Nelson Mandela, South Africa’s first black president, died Thursday at the age of 95, more than two decades after he visited Oakland as part of a U.S. tour to rally support for anti-apartheid efforts.
Mandela served as president of the African National Congress in South Africa from 1994 to 1999. He was elected after serving 27 years in various prisons for fighting against the apartheid regime.
His death, announced today by South African President Jacob Zuma, has prompted reaction from elected officials in the Bay Area and beyond, reflecting on the legacy of one of the world’s most renowned civil rights leaders.
In his quest for equality for black and white people in his country, Mandela became a world leader that President Barack Obama remembered Thursday as “one of the most influential, courageous, and profoundly good human beings that any of us will share time with on this Earth.”
State Assemblywoman Nancy Skinner, D-Berkeley, remembered joining tens of thousands at the Oakland Coliseum on June 30, 1990, to see Mandela, who thanked the crowd for supporting his efforts to bring down the racist government in South Africa — just after his release from a nearly three-decade prison term.
Skinner said hosting Mandela in the East Bay was a “thrilling moment for me.”

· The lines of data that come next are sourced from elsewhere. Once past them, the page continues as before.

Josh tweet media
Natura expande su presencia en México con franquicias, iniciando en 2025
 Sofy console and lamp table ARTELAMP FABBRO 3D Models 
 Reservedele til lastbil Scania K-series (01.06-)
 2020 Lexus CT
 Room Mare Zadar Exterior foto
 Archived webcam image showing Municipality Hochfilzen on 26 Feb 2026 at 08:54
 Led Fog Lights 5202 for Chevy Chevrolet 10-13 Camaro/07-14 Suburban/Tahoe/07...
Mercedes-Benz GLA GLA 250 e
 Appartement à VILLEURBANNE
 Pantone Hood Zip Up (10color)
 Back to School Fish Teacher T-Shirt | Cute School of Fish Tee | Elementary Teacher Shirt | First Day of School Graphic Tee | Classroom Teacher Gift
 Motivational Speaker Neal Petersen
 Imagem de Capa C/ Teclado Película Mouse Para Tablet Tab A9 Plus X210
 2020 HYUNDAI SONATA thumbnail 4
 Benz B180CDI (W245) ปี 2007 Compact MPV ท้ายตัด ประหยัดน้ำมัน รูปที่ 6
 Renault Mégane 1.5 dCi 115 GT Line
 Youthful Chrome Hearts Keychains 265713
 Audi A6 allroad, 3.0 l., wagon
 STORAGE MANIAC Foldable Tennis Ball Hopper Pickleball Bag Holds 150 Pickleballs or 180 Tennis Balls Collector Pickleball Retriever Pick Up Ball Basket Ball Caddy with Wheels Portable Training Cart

While she was a graduate student at the University of California at Berkeley in the 1980s, Skinner said she led campus divestment efforts and organized peaceful sit-ins and other protests against the university’s investments in corporations and banks doing business with the South African government.
She said Mandela represented what true democracy is about and had told the American crowd during his visit that “our purpose is to empower the people of South Africa,” according to Skinner.
She recalled her awe of the world leader, “Just to see this person who under the incredible duress (of imprisonment)…was not bitter. He has no equal.”
Gideon Bendile, 62, is a member of the South African band Zulu Spear, which performed at Mandela’s visit at the Oakland Coliseum.
Bendile, who grew up in Johannesburg and left his native country in 1975 at the age of 21, remembered performing for Mandela, whom he occasionally affectionately called “Madiba.”
He recalled the experience in Oakland as “just breathtaking” and went on, “I could just remember that very well. I was really angry. I left it right at the stadium.”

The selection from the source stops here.